Collected data:

_____

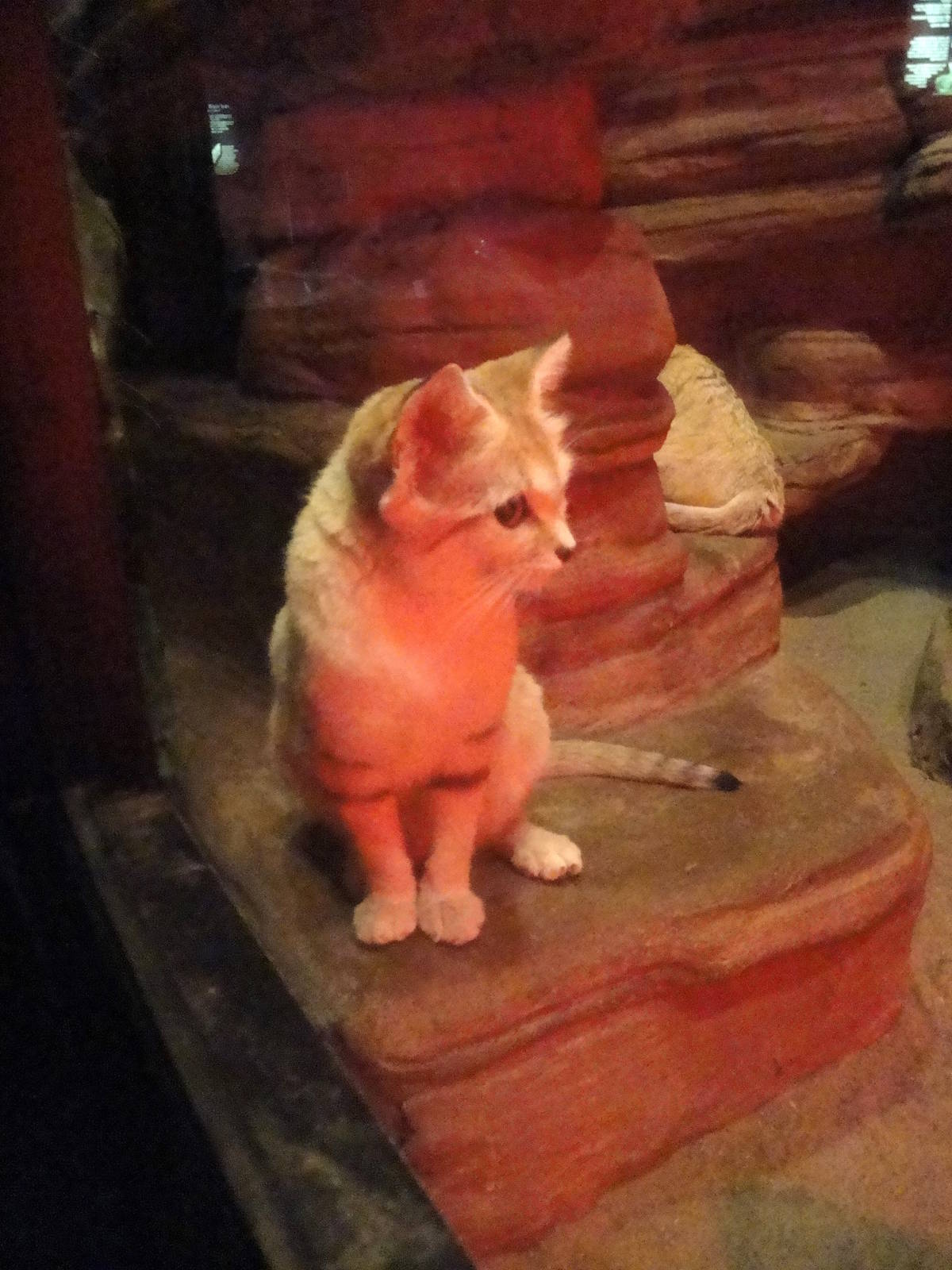 Sand Cat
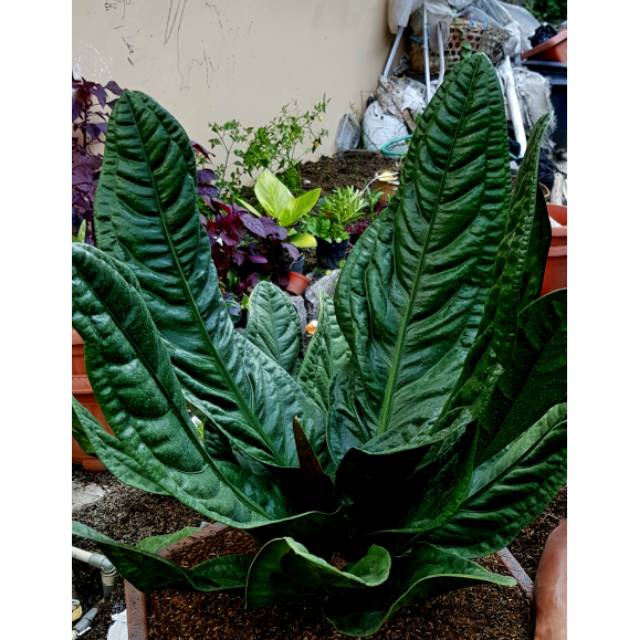 (BIBIT PILIHAN) Anthurium superboom klasik / Anakan Anthurium Superboom / Antorium Superbom (1) qina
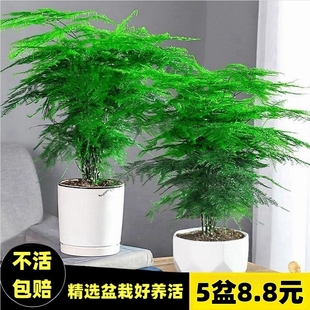 文竹盆栽盆景植物室内客厅花卉，办公室桌面绿植好养四季常青大(常青大)盆栽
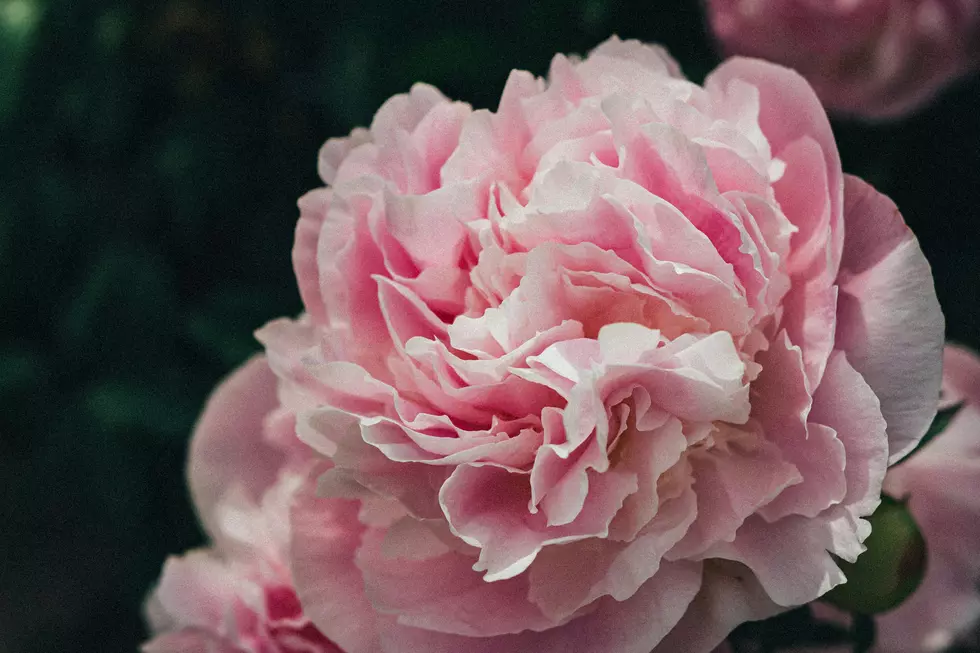 The Indiana Peony Festival Might Be the Most Beautiful Festival in the State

_____

Task details: What you output must match the data exactly, apart from the pictures, which are left out.

Result:
 Sand Cat
 (BIBIT PILIHAN) Anthurium superboom klasik / Anakan Anthurium Superboom / Antorium Superbom (1) qina
 文竹盆栽盆景植物室内客厅花卉，办公室桌面绿植好养四季常青大(常青大)盆栽
 The Indiana Peony Festival Might Be the Most Beautiful Festival in the State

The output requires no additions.